**Task brief:** Return the lines below exactly, please, from the one containing "Briarwood Lane Summer" through the last one, both included, and leave out any pictures.

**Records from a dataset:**
+++++

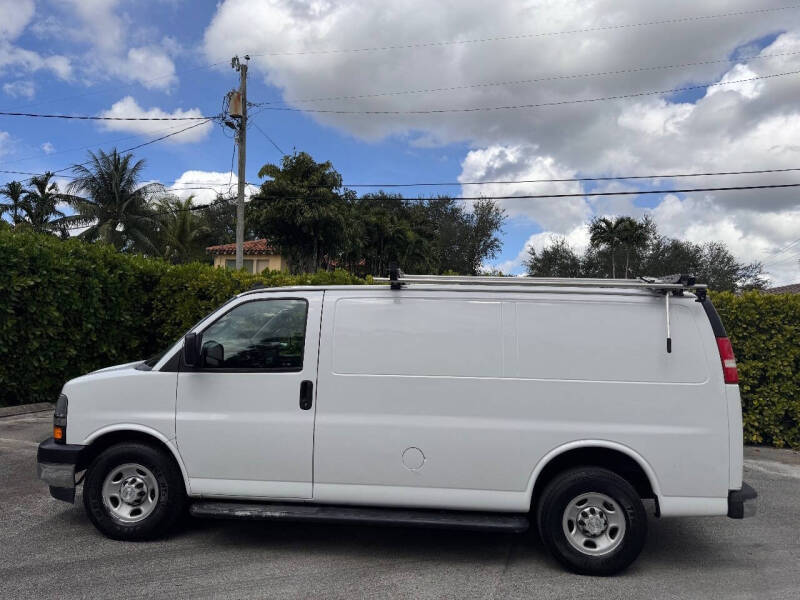 2019 Chevrolet Express 2500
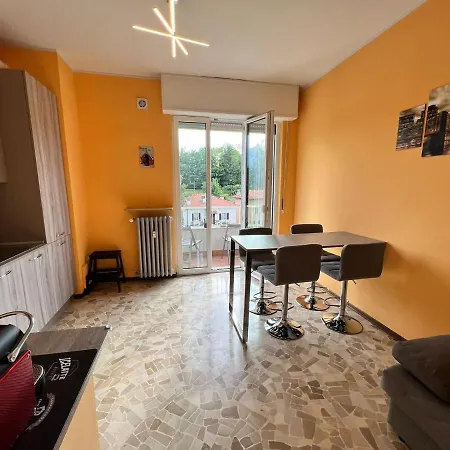 Kibilu - Via Bligny Apartment Varese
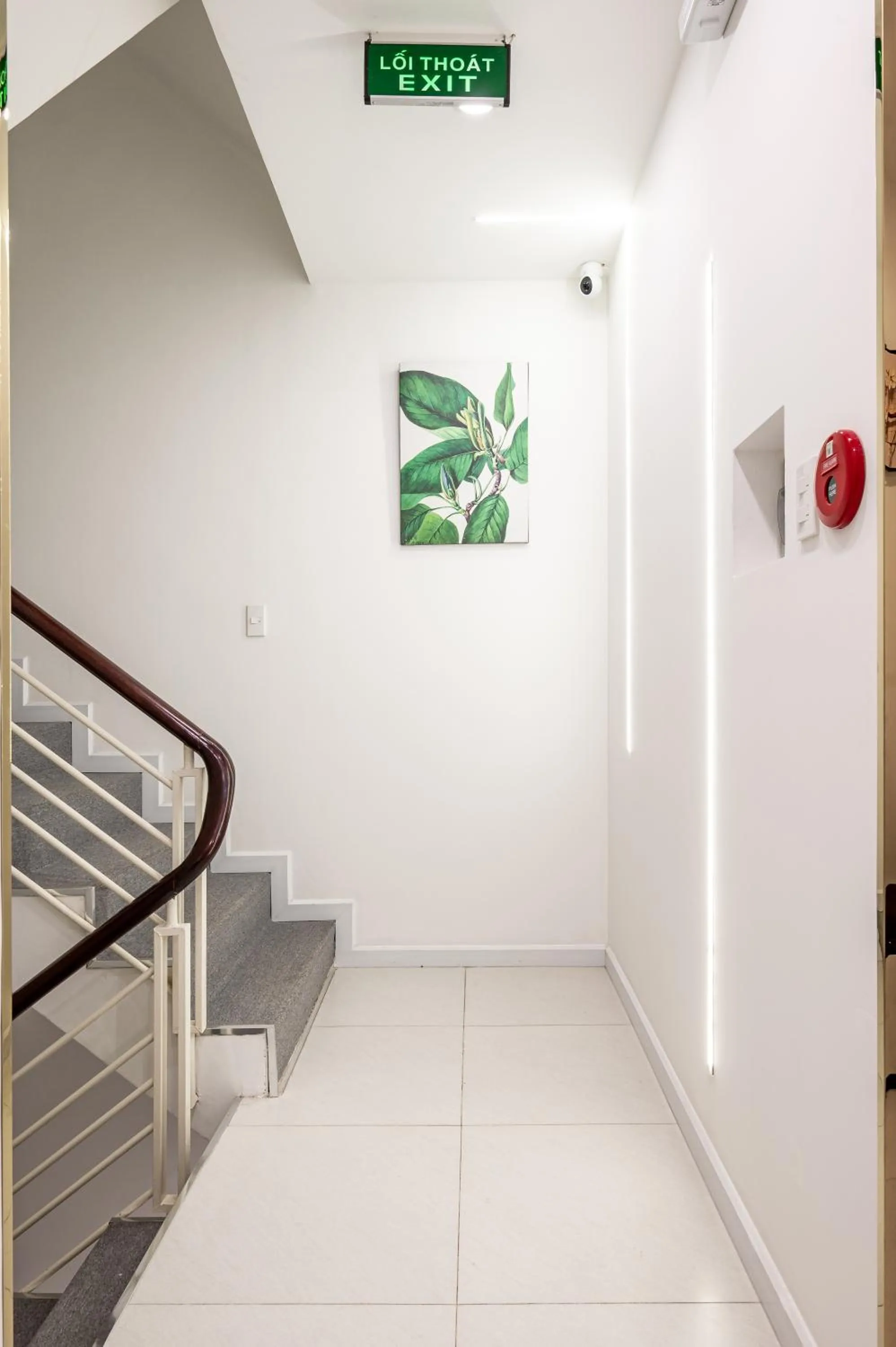 A Boi Apartment at District 3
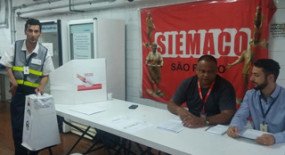Cipa da Socicam acontece em pleno Terminal Rodoviário do Tietê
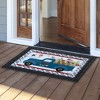 Briarwood Lane Summer Doormat 30x18 Indoor Outdoor Celebrate America Pickup For Summer Doormat - 3 of 4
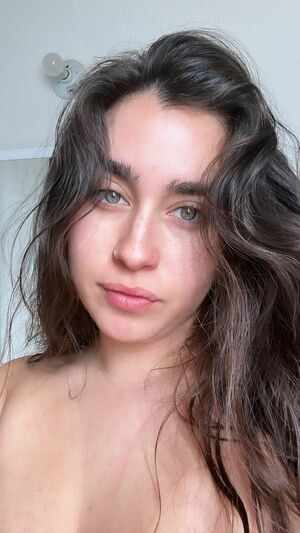 Lauren Jauregui OnlyFans Leak Picture - Thumbnail RVBLHiQeyb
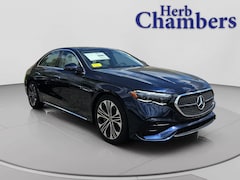 New 2026 Mercedes-Benz E-Class 4MATIC Sedan near Boston, MA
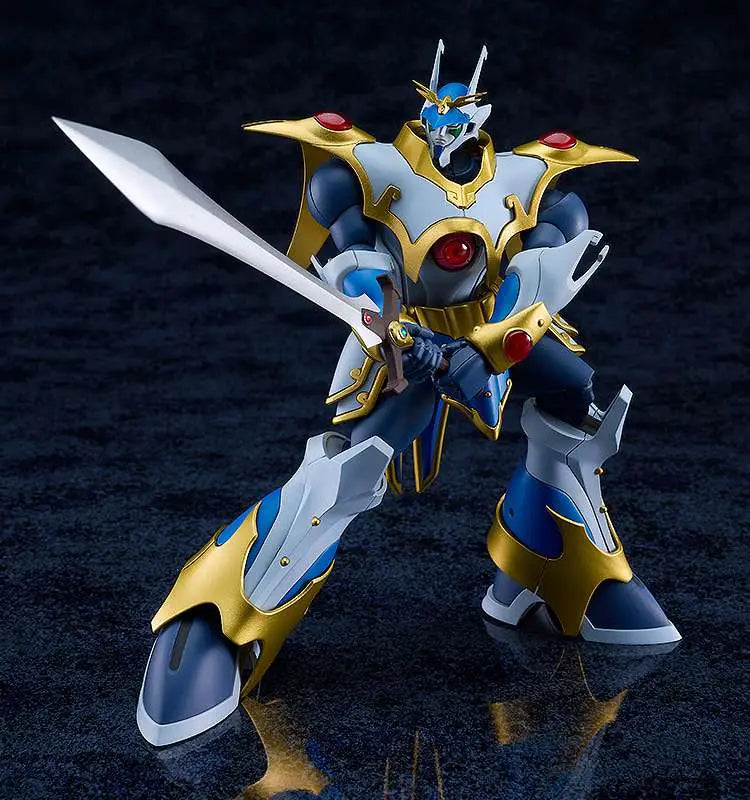 MAGIC SKY WAR GOD SUSANOO SECOND STAGE MODEROID MK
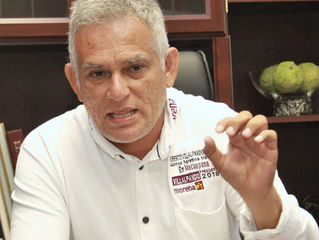 LEANDRO DE LA O
Luego que el Órgano Superior de Fiscalización del Estado entregará su información a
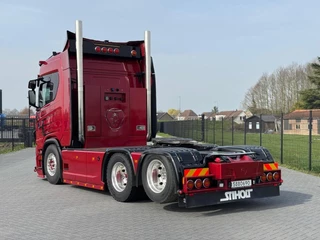 Scania R 2023 - R660 bild 7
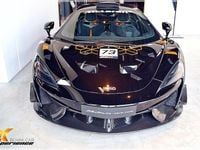 Gebraucht McLaren 620R 620 PS (456 kW) 2021 Schwarz Coupé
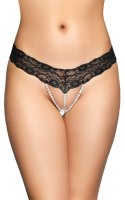 G-String 2491 - black S/M G-String 2491 - black S/M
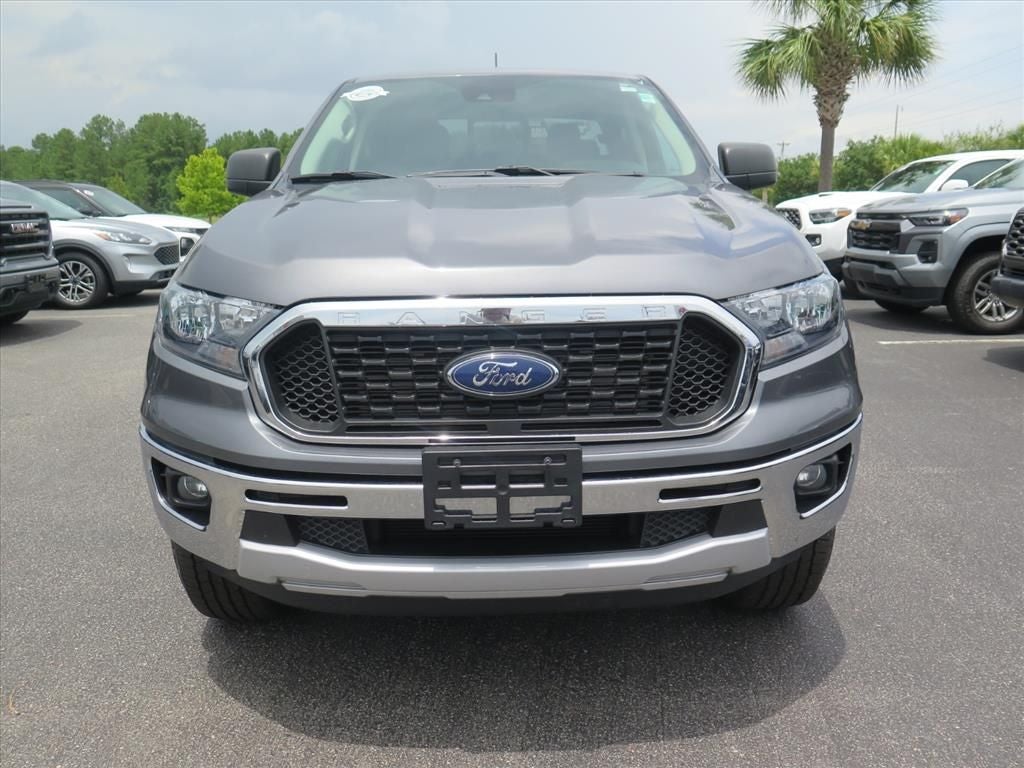 2023 Ford Ranger XLT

+++++

**Solution to this problem:**
 Briarwood Lane Summer Doormat 30x18 Indoor Outdoor Celebrate America Pickup For Summer Doormat - 3 of 4
 Lauren Jauregui OnlyFans Leak Picture - Thumbnail RVBLHiQeyb
 New 2026 Mercedes-Benz E-Class 4MATIC Sedan near Boston, MA
 MAGIC SKY WAR GOD SUSANOO SECOND STAGE MODEROID MK
 LEANDRO DE LA O
Luego que el Órgano Superior de Fiscalización del Estado entregará su información a
 Scania R 2023 - R660 bild 7
 Gebraucht McLaren 620R 620 PS (456 kW) 2021 Schwarz Coupé
 G-String 2491 - black S/M G-String 2491 - black S/M
 2023 Ford Ranger XLT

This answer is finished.